Crítica

Sem máscaras

Ney Matogrosso continua pescando pérolas e dando a elas um brilho único a partir de sua voz de contralto e de uma abordagem que nunca é linear. Desde o primeiro disco solo, quando ele pôs passarinhos para cantar no início do disco — a música é Homem de Neandertal, de Sá — ele imprime sua marca nas canções.

Lá se vão 56 anos, e o disco Nu com minha música reafirma todas essas qualidades,com uma mistura de estilos que junta Caetano, Vitor Ramil, Raul Seixas, Lenine e Roberto/Erasmo, e só faz sentido a partir da abordagem criativa desse senhorzinho octagenário. Há uma vitalidade rara que costura canções muito pouco afins.

De um Caetano de 1981, ele escolheu a canção que dá nome ao disco, abre e sustenta a fieira melódica a partir da marcação do ritmo com um chocalho. Não é das mais conhecidas, assim como Faz um Carnaval Comigo, de Pedro Luis, e Estranha Toada, gravada antes por Martins. Mas o frescor das canções vai além desse quase ineditismo.

Os arranjos são enganosamente simples, com valorização dos violões, pianos e participações de sopros em solo, embora haja também (esparsos) naipes de violinos e metais, mas nada que possa encobrir a voz de Ney Matogrosso, cantor ainda afiado, de frases musicais exatas, inflexões precisas e um controle absoluto de tudo o que canta.
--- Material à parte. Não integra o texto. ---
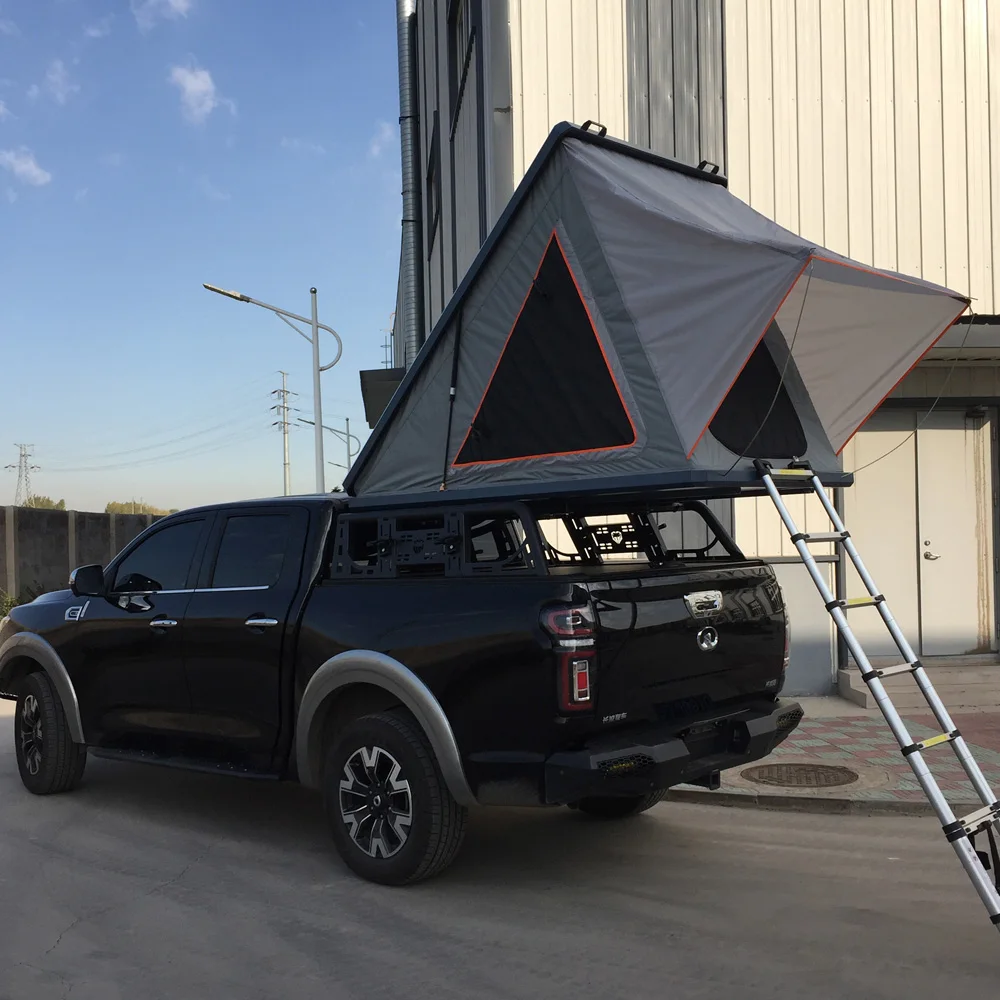 

2021 складной кемпинг-пикап для всей семьи, внедорожник, Автомобиль на крыше, палатка, всплывающий прицеп, легкие камеры для грузовиков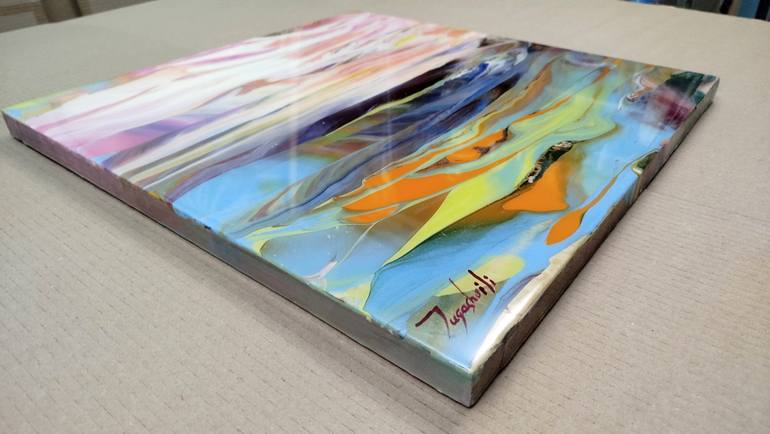 Original Abstract Landscape Painting by Jacob Jugashvili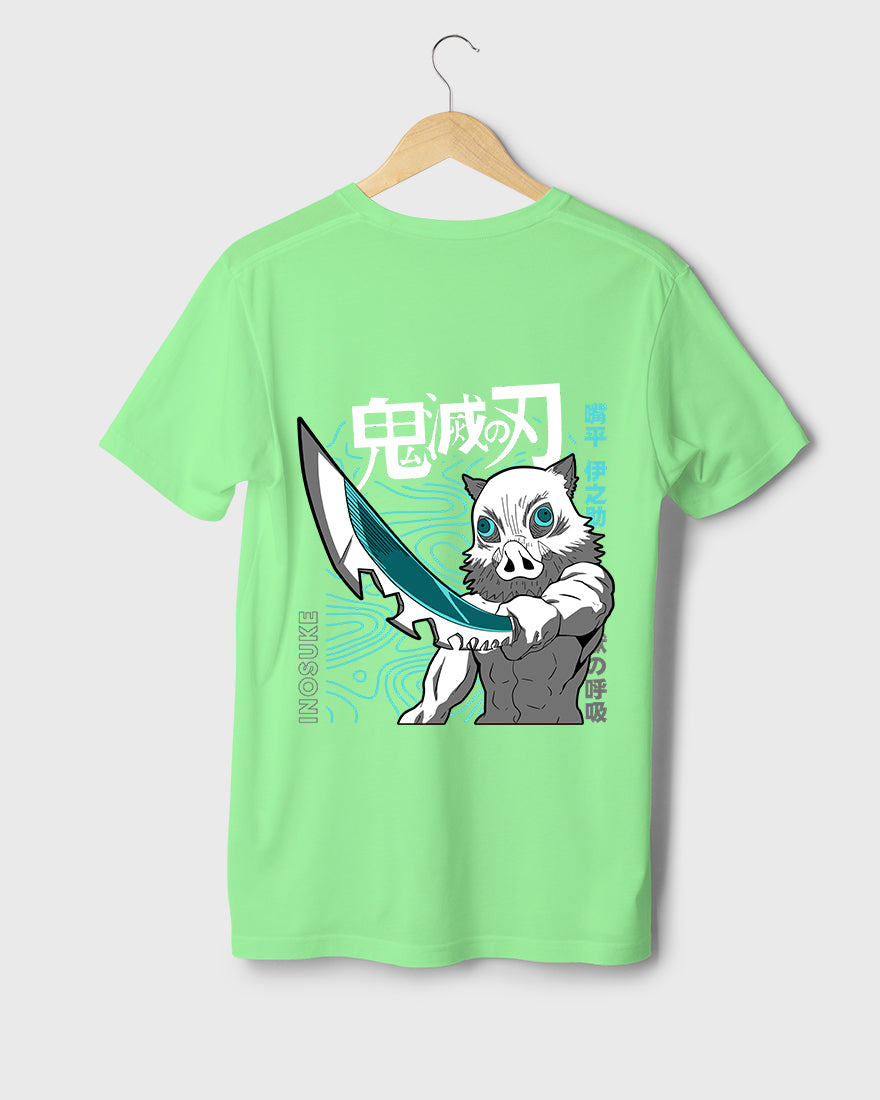 Mens Regular Tshirt Anime Demon Slayer Inosuke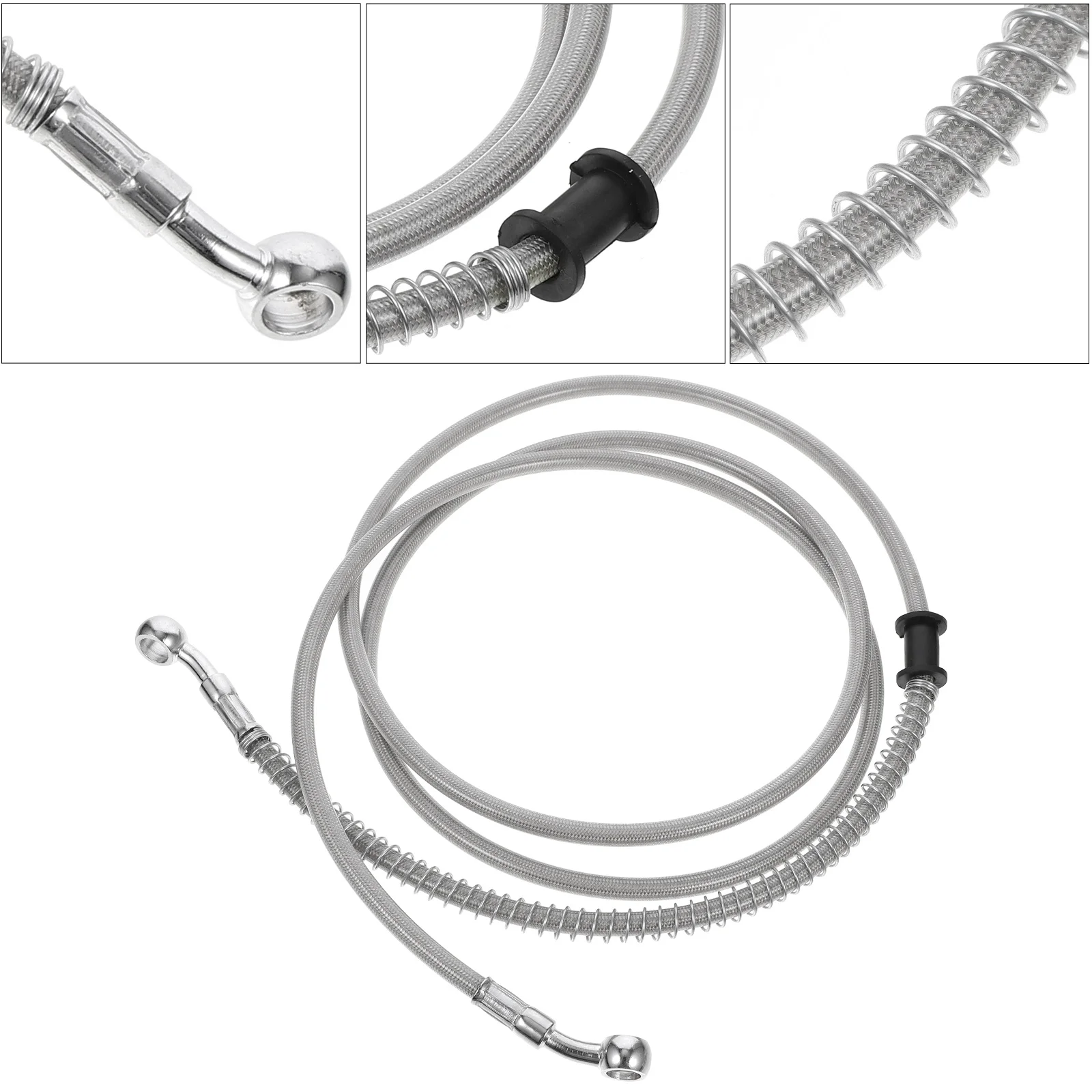 

Motorcycle Brake Oil Hose Durable Rubber Steel Wire Aluminum Alloy Low Deformation High Temperature Resistant Hydraulic Clutch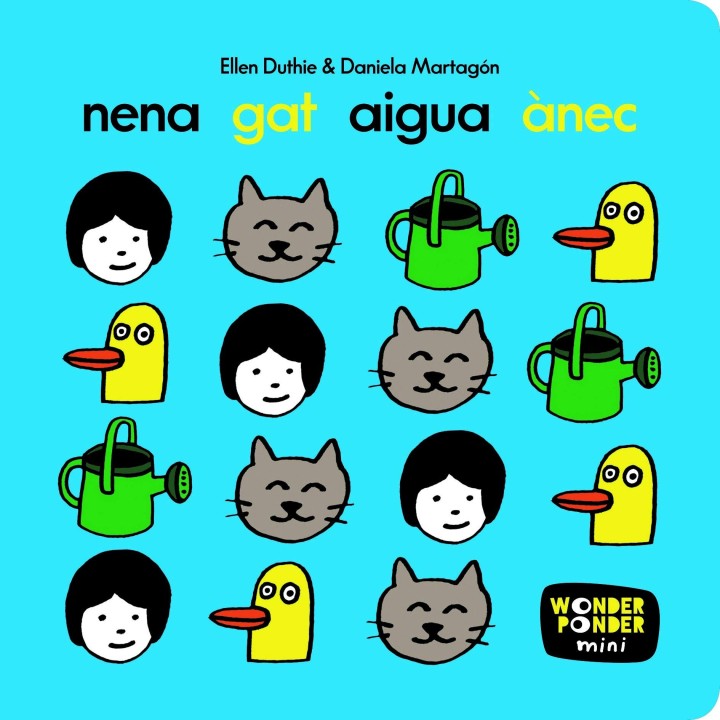 Niña Gato Agua Pato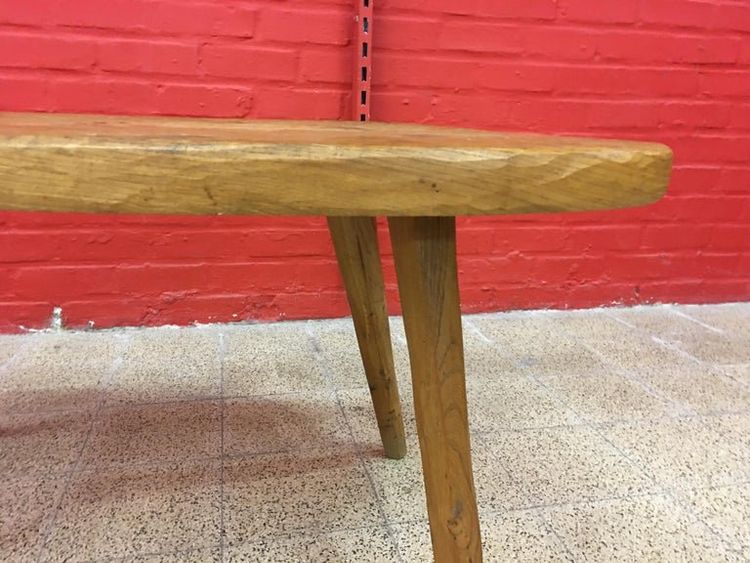 Brutalistischer Tisch in freier Form aus massiver Ulme, um 1950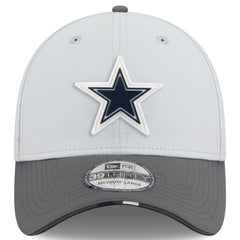 Dallas Cowboys New Era 2025 NFL Training Camp 39THIRTY Flex Hat - Gray/Graphite for sale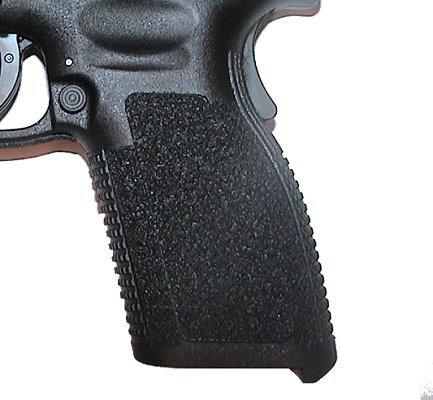 Decal Grip Springfield XD Grip Decals Blk Rubber Pre-cut Adhesive Piece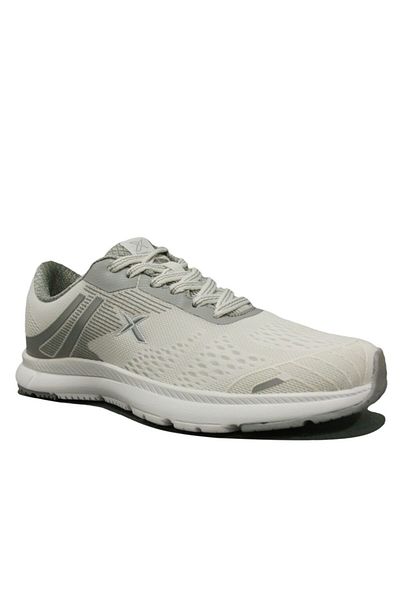Kinetix White Silver Lace-Up Sneakers Sports Shoes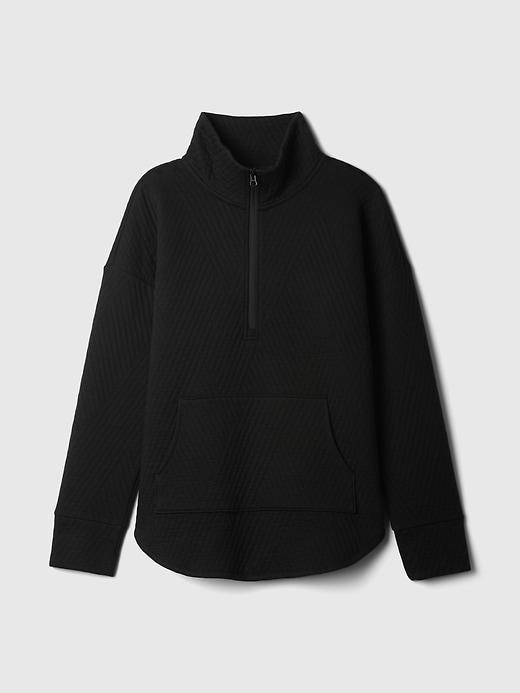 GapFit Quilted Jacquard Half-Zip Pullover Product Image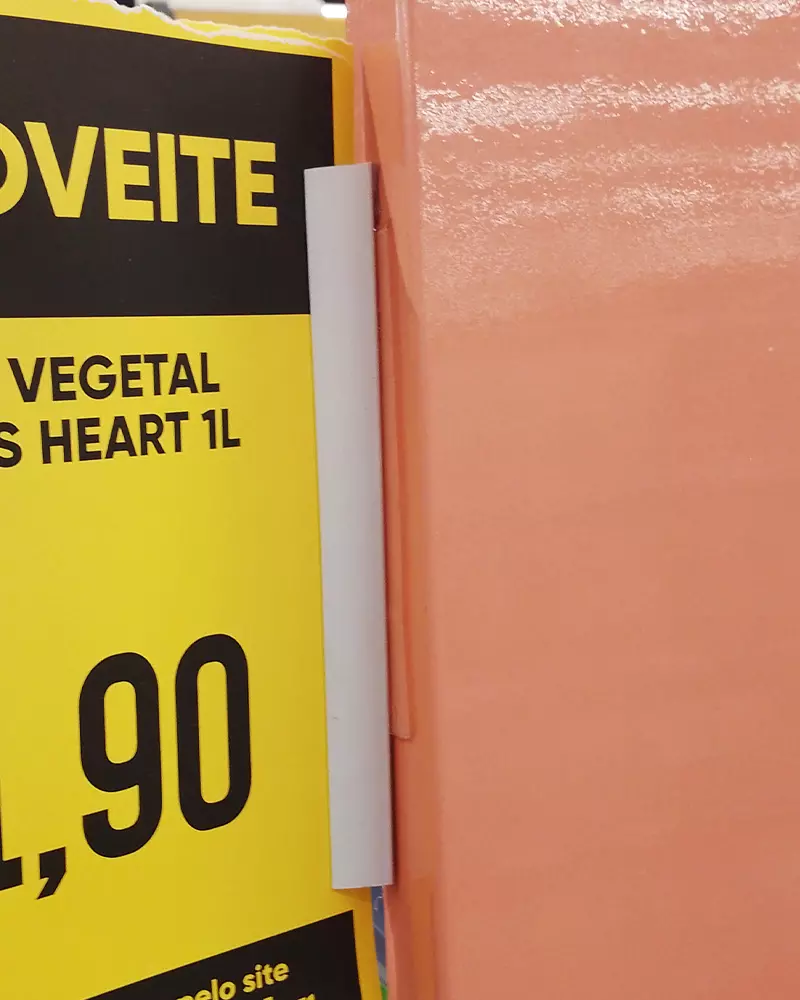 Perfil Peg Doc 15cm c/ Fita Dupla Face – 50un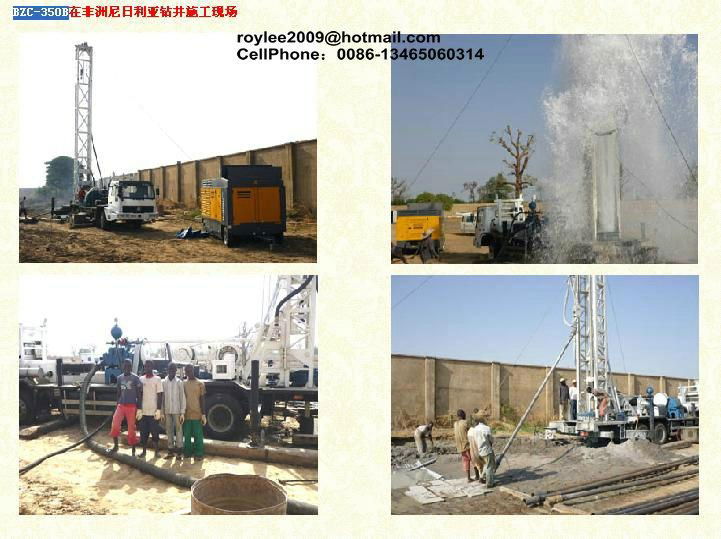 hydraulic truck mounted  drilling rigs  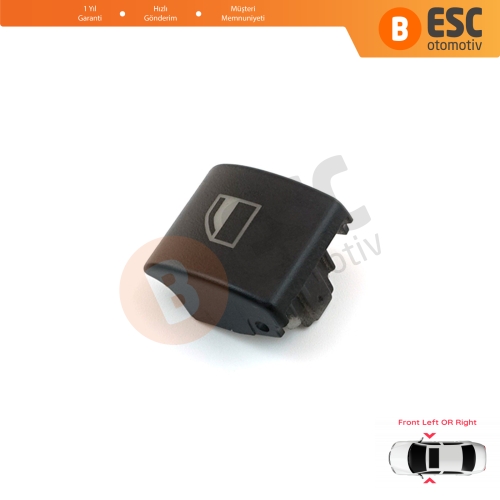 BMW 3 Serisi E46 X5 X3 İçin Cam Açma Düğme Kapağı 61316902175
Antigos sucessos do rádio estão no disco, caso de Quase um Segundo, dos Paralamas do Sucesso, Gita, de Raul Seixas e Sua Estupidez, de Roberto Carlos. Mas todos ganham uma roupa nova, mais reflexiva, talvez para valorizar as letras, reduzindo o tempo das composições, como a transformação do xote Espumas ao Vento, gravada por Fagner, numa balada.

O disco é um bálsamo nesses tempos de abertura social. Ney Matogrosso aparece sem máscaras e desafiando o distanciamento pessoal com uma música que aproxima.